Do note, that I am ignoring mass migrations. Normal immigration/repatriation levels will have some impact, but probably not significant in this view of things. Unless, perhaps, if combined with a declining birthrate. And, of course, some years the population values are estimates (if not most years). So, there is also going to be some statistical error in the bar heights. All get’s rather messy.

For interest’s sake, I am going to generate a histogram following an age group over time. At least I hope I am. So, I will take the 40-44 age group in Japan’s 2011 population. Go back in time to get them when they were in the 0-4 age group. Then plot their total population every 5 years thereafter. Might take me a bit of coding, but it might be fun to have a look. For the purposes of this exercise, I am starting a new module, pop_over_time.tst.py(), in my play folder.

And, here’s the result. We’ll get into the code shortly.

histogram of population, Japan, for age group 0-4 in 1971 over time

Plotting Population Over Time

Getting Data

To start with I wrote a function that called database.population.get_crs_years_one() repeatedly to get the population count for the specified country, year and age group. Incrementing the year (+5) and age group (+1) appropriately until I had 21 years of data. This went rather slowly. As I decided to look at other countries, I added a new function to database.population, get_grp_105_yrs(), which did the work with a single pass through the CSV file and terminated when it had all the data for the country in question. I added a quick test to pop_over_time.tst.py() to time the two approaches. The result shows the single pass was effectively 21 times faster. Which makes sense as in the repeated call case the file had to be read to a similar location 21 times rather than just once. So, I won’t bother showing you the code for the first approach.

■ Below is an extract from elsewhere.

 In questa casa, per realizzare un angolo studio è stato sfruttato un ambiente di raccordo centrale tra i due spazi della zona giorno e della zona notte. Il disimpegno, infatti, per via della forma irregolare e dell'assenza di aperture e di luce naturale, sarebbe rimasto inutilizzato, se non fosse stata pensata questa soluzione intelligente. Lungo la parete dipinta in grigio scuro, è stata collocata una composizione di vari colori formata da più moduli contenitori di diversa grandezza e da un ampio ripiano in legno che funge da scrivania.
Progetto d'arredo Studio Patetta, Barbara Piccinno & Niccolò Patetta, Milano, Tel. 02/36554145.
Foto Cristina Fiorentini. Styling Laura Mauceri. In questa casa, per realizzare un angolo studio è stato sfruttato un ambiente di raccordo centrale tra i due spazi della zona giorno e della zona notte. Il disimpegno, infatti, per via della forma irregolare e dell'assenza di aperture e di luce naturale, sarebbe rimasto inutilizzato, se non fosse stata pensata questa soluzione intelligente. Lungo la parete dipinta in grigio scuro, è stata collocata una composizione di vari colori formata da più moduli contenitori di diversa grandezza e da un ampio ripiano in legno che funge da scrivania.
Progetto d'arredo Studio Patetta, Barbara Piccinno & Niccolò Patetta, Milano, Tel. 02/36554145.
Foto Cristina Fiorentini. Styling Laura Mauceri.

(base-3.8) PS R:\learn\py_play> python.exe r:/learn/py_play/population/play/pop_over_time.test.py -c japan -t 2

Test #2: Timing Test of 2 Functions to Get Data

1 execution of get_pop_sequence_years(Japan, 1971):
        time diff: 1603054024.7100115 - 1603053979.0318797 = 45.67813181877136
        time_ns diff: 1603054024710011500 - 1603053979031879800 = 45678131700

1 execution of pdb.get_grp_105_yrs(Japan, '1971', LABELS):
        time diff: 1603054026.976006 - 1603054024.7100115 = 2.2659945487976074
        time_ns diff: 1603054026976006100 - 1603054024710011500 = 2265994600

Let’s start with the new function in database/population.py, get_grp_105_yrs(). It takes 3 parameters, the country, the first year to plot and a list of age group labels (they are not readily available in database/population.py.) You may recall we added the function get_agrp_lbls() to chart/chart.py in our earlier development. I thought about adding/moving that function to database/population.py, but for now am sticky with the status quo. Needless to say the function will have a lot in common with the one I was calling, get_crs_years_one(), in my initial function (the slow one).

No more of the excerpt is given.